In serverless environments, applications should scale to zero when not in use and then be able to create new instances immediately to handle increased load. Open Liberty can start an application from zero to first response in just 1 second. While this can be considered fast, start up time for the application framework should ideally be less than 200 milliseconds to avoid high latency for the application user in a serverless environment.
One approach to make Java faster to start up has been to compile to native. This has proven to greatly reduce the startup time of many Java cloud applications to less than 100 milliseconds. However, native compilation of Java while being powerful when it works, also has many challenges that may prohibit some applications from taking advantage of the quick startup without undergoing significant changes. Also, compiling to native often has a negative effect on throughput of the application.
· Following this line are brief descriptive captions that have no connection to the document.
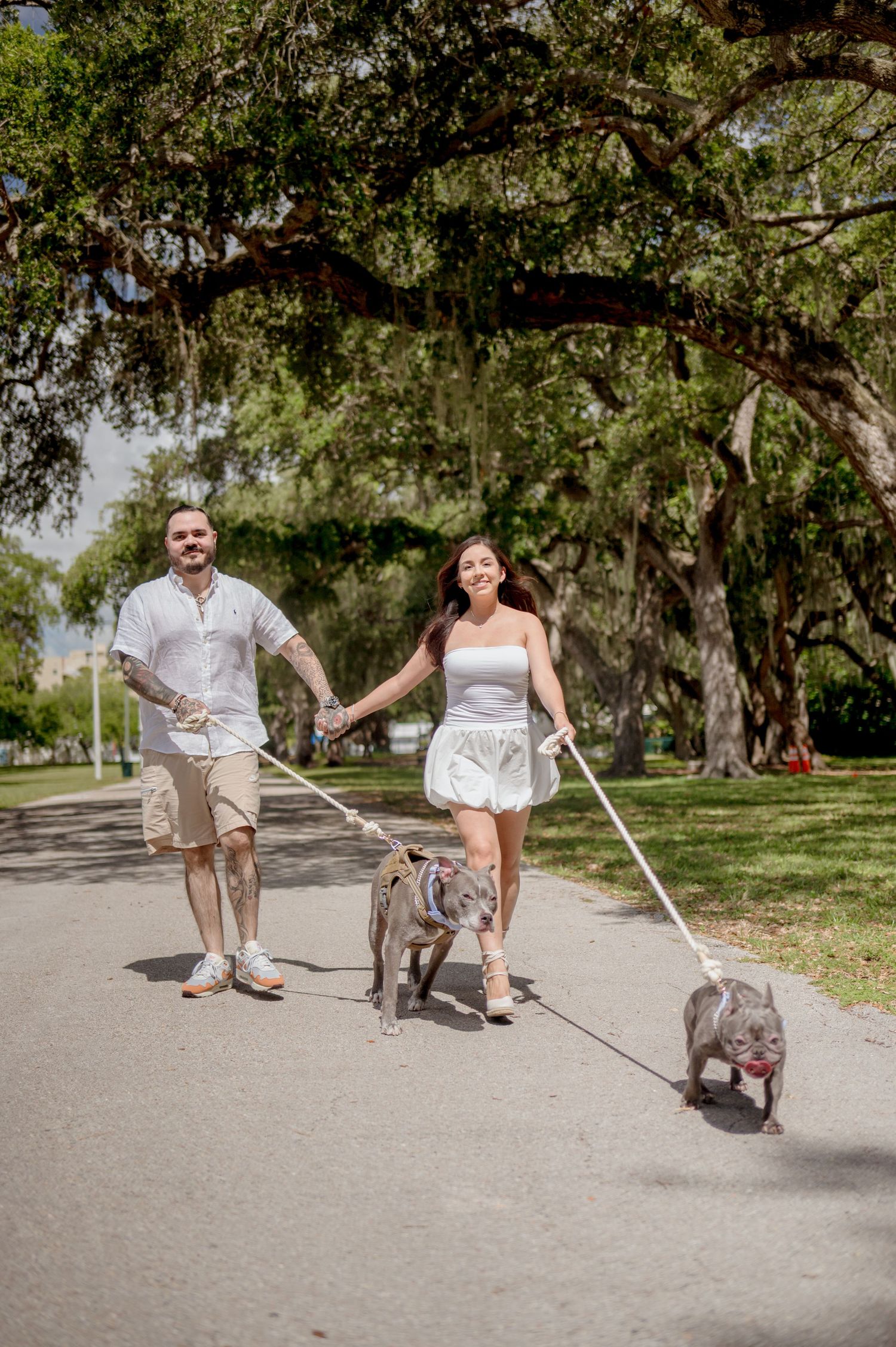 A couple in light summer outfits walking two dogs on leashes along a tree-lined path on a sunny day.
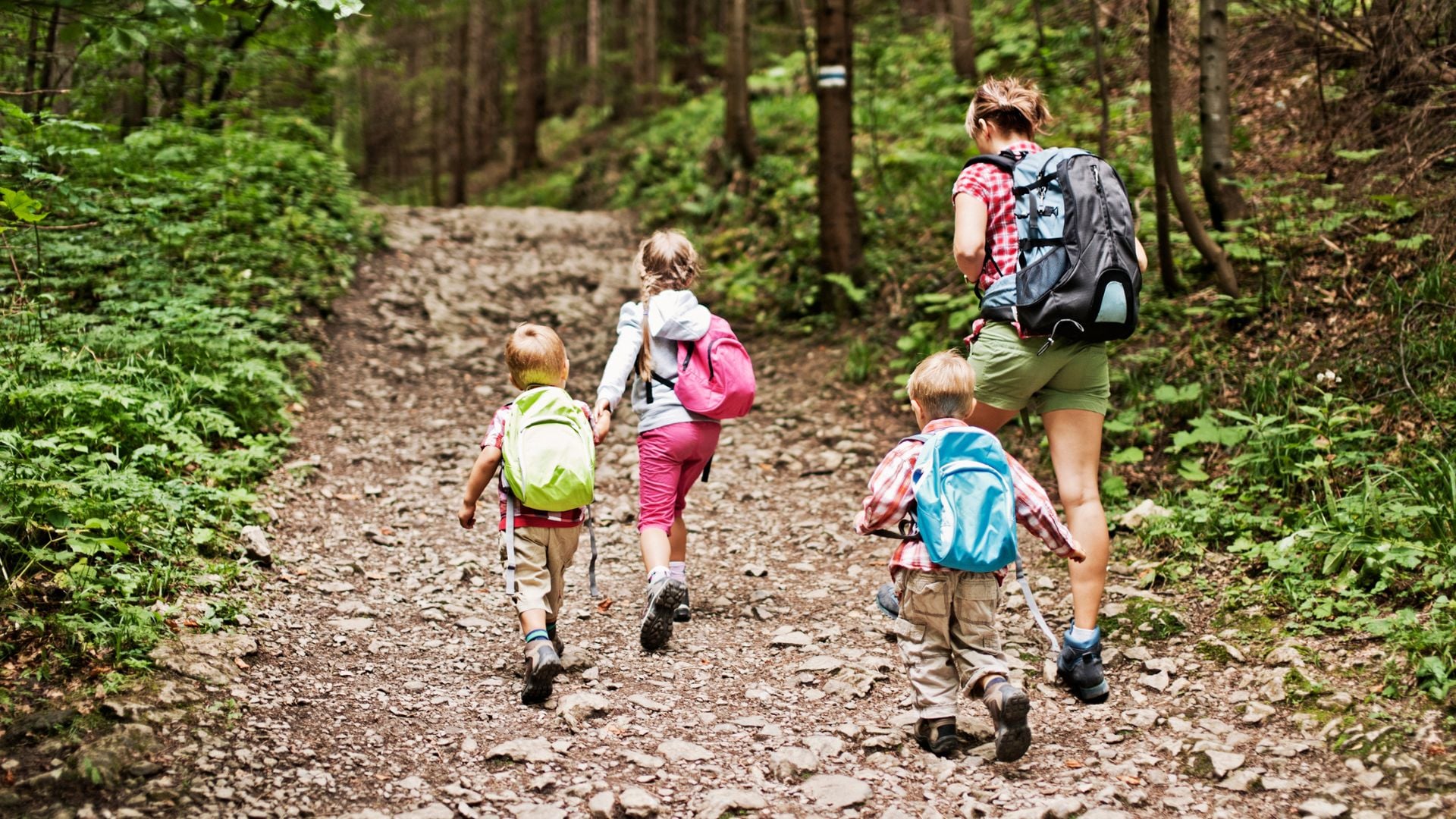 Minnesota Weekend Hikes near and far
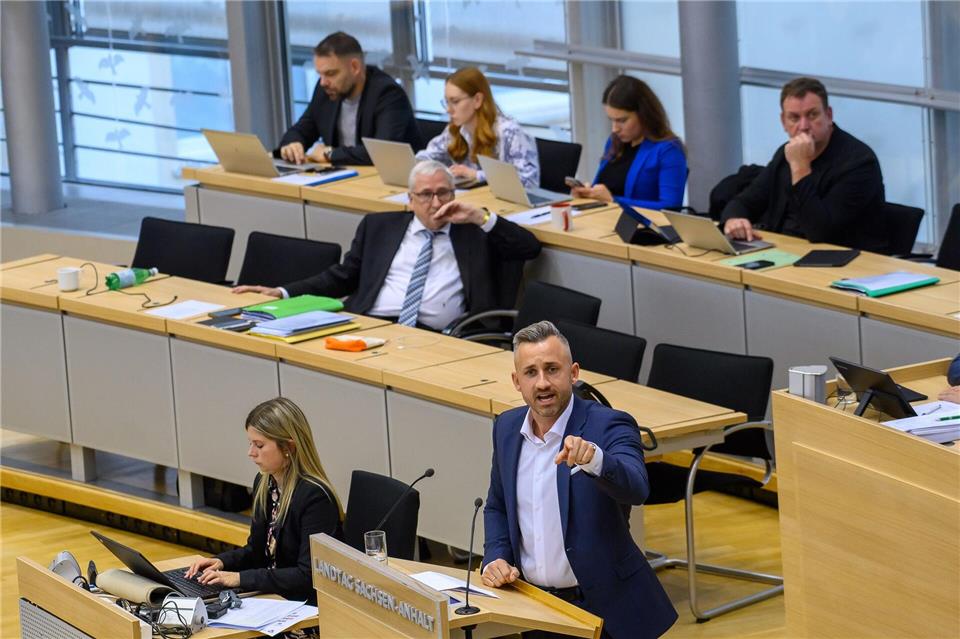 „Was einmal weg ist, kommt nicht mehr wieder“, sagt AfD-Co-Fraktionschef Ulrich Siegmund. Klaus-Dietmar Gabbert/dpa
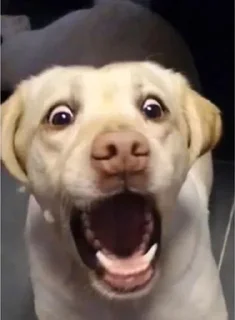 😮 emoji 江小壶的大想法 Telegram sticker 9 of 80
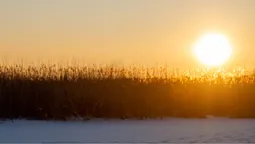 Стохід у сріблі: показалі зимові пейзажі з півночі Волині (фото)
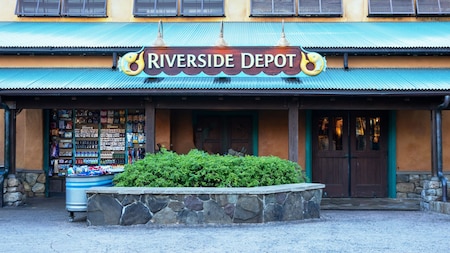 Disney's Animal Kingdom Theme Park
In this talk I will discuss a different approach to achieve "Instant On" for Java applications using Checkpoint/Restore in Userspace (CRIU). CRIU is a feature available on Linux that enables a snapshot of a running application to be taken. This snapshot can then be restored very quickly from the point the snapshot was taken and resume serving the application users. One advantage of this type of approach is that once the application is restored it is business as usual for the Java application in that all the functionality of a normal Java environment are available to the application. No additional changes should be necessary for the application to take advantage of the instant on functionality provided by CRIU.
There are several things to consider when using CRIU to ensure the restored process behaves properly. For example, ensuring a snapshot doesn't contain secrets and keys that must not be shared with each restored instance of the application, or ensure random number generators continue to give uniquely random sequences to each application instance. I will discuss how we are working with the Eclipse OpenJ9 and Open Liberty projects in order to achieve "Instant On" while addressing these kinds of issues for Java applications. I will also demonstrate an example of using this approach with OpenJ9 and Open Liberty in a (docker) container image.